Prova d’orchestra riuscita a metà, per un Lugano che nell’ultimo
incontro della stagione regolare entro le mura di casa affrontava una
delle migliori formazioni del campionato, per non dire la sua più
probabile diretta antagonista nei grandi giochi, che inizieranno la
settimana prossima. In un simile contesto, reduci dal successo di
Losanna, i bianconeri tenevano a dimostrare al proprio pubblico di
essere pronti ad affrontare qualsiasi avversario negli imminenti
playoffs, mentre Greg Ireland affinava gli ultimi dettagli per giungere
all’appuntamento decisivo della stagione con tutte le carte in regola
per ben figurare. Con Merzlikins chiamato a difendere la gabbia e
Zackrisson nuovamente titolare, il tecnico del Lugano metteva in pista
una squadra ancor più equilibrata nei reparti, di quella uscita vincente
dal confronto di Malley. Quattro centri puri (tre stranieri) a
spalleggiare veloci e filtranti ali, davano subito l’immagine di una
squadra pronta a lottare su ogni disco per fronteggiare uno degli
attacchi più prolifici della Lega, con Nilsson, Thoresen e Wick messi
nella condizione di girare alla larga dalla porta di Elvis Merzlikins.

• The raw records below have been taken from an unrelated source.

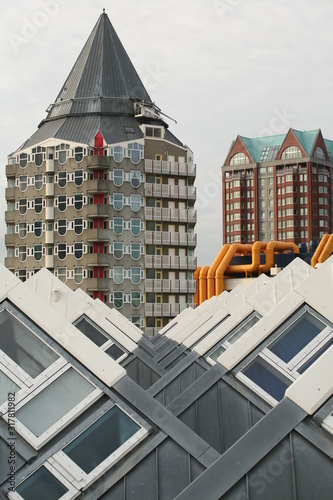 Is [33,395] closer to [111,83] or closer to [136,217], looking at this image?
[136,217]

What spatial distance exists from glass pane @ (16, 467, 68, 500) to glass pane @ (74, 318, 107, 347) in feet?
28.2

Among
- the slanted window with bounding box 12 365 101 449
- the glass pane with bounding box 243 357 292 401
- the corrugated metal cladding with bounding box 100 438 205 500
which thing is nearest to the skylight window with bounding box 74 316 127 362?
the glass pane with bounding box 243 357 292 401

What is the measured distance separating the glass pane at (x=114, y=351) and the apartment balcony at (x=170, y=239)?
5713 cm

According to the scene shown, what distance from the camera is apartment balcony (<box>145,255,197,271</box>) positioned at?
72625mm

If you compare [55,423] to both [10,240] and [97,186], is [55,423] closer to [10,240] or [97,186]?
[97,186]

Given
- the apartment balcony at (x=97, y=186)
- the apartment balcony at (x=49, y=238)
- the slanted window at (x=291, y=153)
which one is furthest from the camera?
the slanted window at (x=291, y=153)

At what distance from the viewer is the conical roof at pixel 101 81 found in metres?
75.8

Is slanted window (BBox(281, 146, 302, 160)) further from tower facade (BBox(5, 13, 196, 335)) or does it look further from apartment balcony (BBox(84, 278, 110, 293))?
apartment balcony (BBox(84, 278, 110, 293))

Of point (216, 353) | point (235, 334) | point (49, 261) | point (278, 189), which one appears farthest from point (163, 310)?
point (216, 353)

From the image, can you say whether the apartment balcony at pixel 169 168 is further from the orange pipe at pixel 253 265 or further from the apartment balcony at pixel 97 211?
the orange pipe at pixel 253 265

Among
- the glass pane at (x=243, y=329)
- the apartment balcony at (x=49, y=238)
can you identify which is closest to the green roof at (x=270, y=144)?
the apartment balcony at (x=49, y=238)

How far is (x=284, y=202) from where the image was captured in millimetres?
122312

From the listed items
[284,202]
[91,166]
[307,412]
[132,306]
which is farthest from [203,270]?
[307,412]

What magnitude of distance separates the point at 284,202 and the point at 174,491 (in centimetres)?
11825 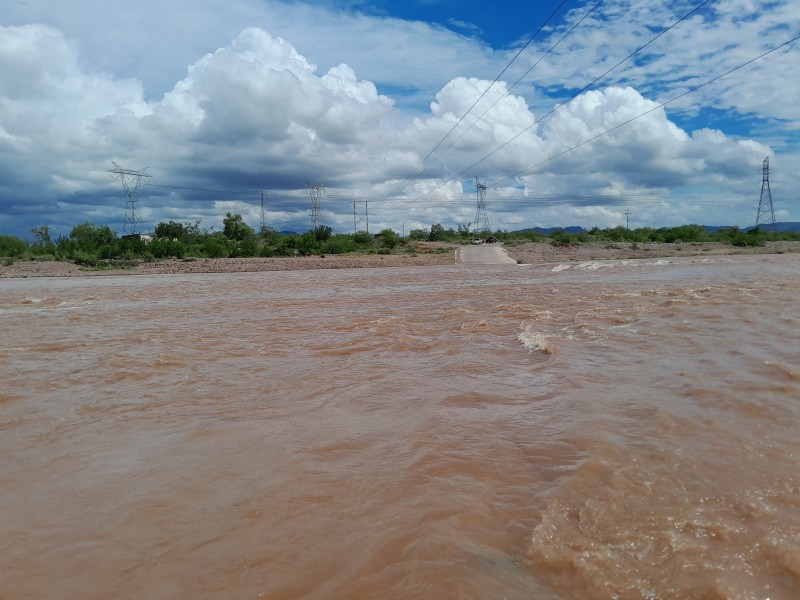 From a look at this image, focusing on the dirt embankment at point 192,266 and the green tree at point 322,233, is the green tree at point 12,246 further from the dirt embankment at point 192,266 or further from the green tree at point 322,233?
the green tree at point 322,233

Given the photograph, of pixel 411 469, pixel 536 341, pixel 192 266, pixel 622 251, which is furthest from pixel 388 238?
pixel 411 469

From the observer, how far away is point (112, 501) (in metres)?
3.51

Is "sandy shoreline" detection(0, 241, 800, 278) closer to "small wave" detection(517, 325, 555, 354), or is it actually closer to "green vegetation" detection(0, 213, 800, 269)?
"green vegetation" detection(0, 213, 800, 269)

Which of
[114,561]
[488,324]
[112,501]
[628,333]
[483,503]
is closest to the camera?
[114,561]

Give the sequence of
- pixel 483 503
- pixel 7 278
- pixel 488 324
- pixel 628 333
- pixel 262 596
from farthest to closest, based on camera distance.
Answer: pixel 7 278 → pixel 488 324 → pixel 628 333 → pixel 483 503 → pixel 262 596

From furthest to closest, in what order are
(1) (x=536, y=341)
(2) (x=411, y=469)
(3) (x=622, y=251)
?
(3) (x=622, y=251) → (1) (x=536, y=341) → (2) (x=411, y=469)

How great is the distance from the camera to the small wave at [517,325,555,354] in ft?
25.3

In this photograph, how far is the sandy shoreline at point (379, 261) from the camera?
3397 centimetres

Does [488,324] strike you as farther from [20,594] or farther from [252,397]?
[20,594]

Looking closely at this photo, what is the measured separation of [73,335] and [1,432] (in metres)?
6.43

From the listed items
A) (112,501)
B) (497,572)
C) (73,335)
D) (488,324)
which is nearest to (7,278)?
(73,335)

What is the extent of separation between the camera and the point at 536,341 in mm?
8305

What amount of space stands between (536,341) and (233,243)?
49.7 metres

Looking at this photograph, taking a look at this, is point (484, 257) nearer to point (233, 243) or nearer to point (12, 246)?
point (233, 243) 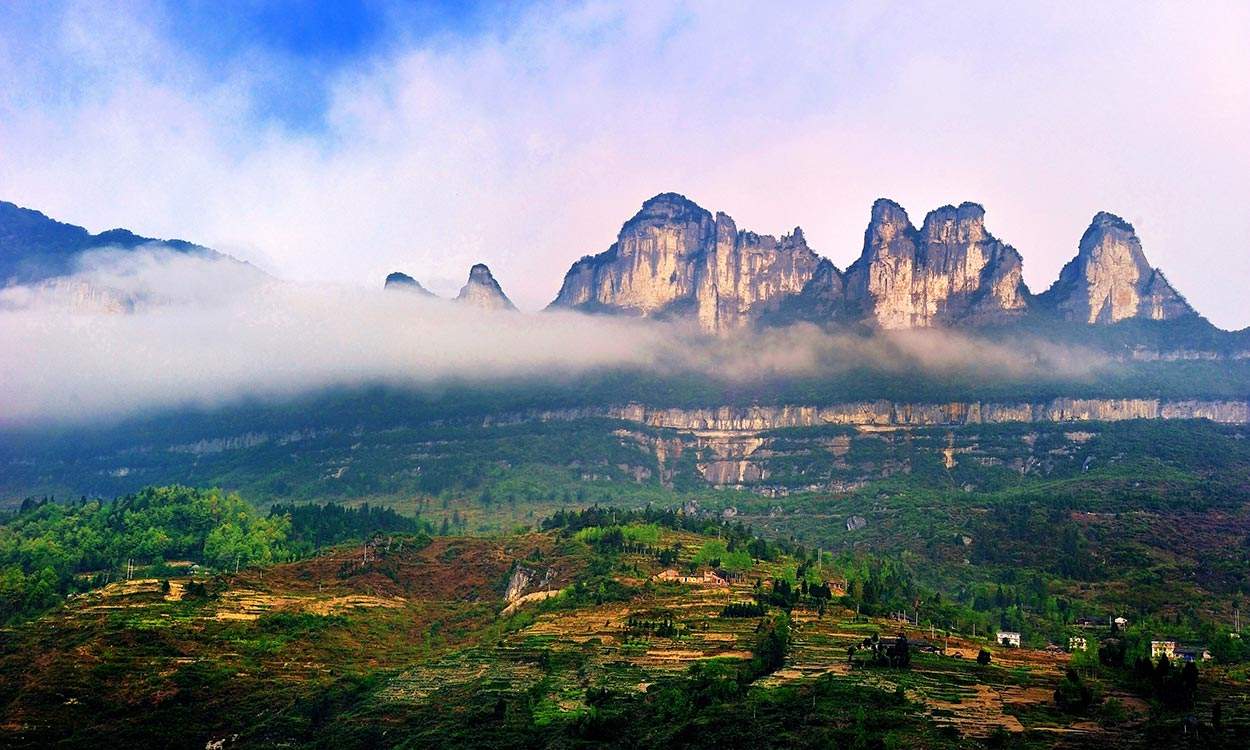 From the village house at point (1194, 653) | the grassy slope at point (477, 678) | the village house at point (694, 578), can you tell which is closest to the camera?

In un incontro dagli alti contenuti emotivi, il Lugano passava a
condurre le danze in superiorità numerica, grazie ad una prorompente
azione di Brunner, lesto a servire ad Hofmann il disco per superare
Schlegel, mentre la partita veniva diretta da un solo arbitro per il
ferimento involontario di Fischer. Nel periodo centrale, caratterizzato
da molteplici interventi errati della coppia di zebrati, lo Zurigo
trovava il pareggio, grazie ad una bella azione in solitaria di Wick,
con le due squadre sul ghiaccio a ranghi ridotti, per le espulsioni di
Ulmer e Baltisberger. Il Lugano non si perdeva d’animo e con un tiro al
volo di Sannitz ritrovava il meritato vantaggio, che gestiva senza
troppe difficoltà sino al secondo riposo, obbligando lo Zurigo, rimasto
nel frattempo orfano di Thoresen (contrasto con Ulmer) ad intensificare
il forcing nel periodo conclusivo, per recuperare lo svantaggio. Nel
terzo tempo i “Lions” prendevano saldamente in mano le redini del
confronto, ma pareggiavano quasi casualmente, con Suter, libero da
marcature, ben imbeccato dal solito Nilsson. Nell’ultimo minuto di gara,
a conoscenza di quanto accadeva a Ginevra, con il successo del Kloten,
Ireland toglieva pure Merzlikins dal ghiaccio, per una trentina di
secondi, senza troppa fortuna. L’accademico, quanto inutile overtime,
regalava ancora alcune emozioni al pubblico, prima che la coppia svedese
Klasen-Martensson, regalasse il successo da due punti alla formazione di
casa. Un successo più utile in chiave psicologica, che non tecnica,
perché il Lugano è riuscito nell’intento di far sapere allo Zurigo di
essere pronto e preparato per il Gran Ballo di gala.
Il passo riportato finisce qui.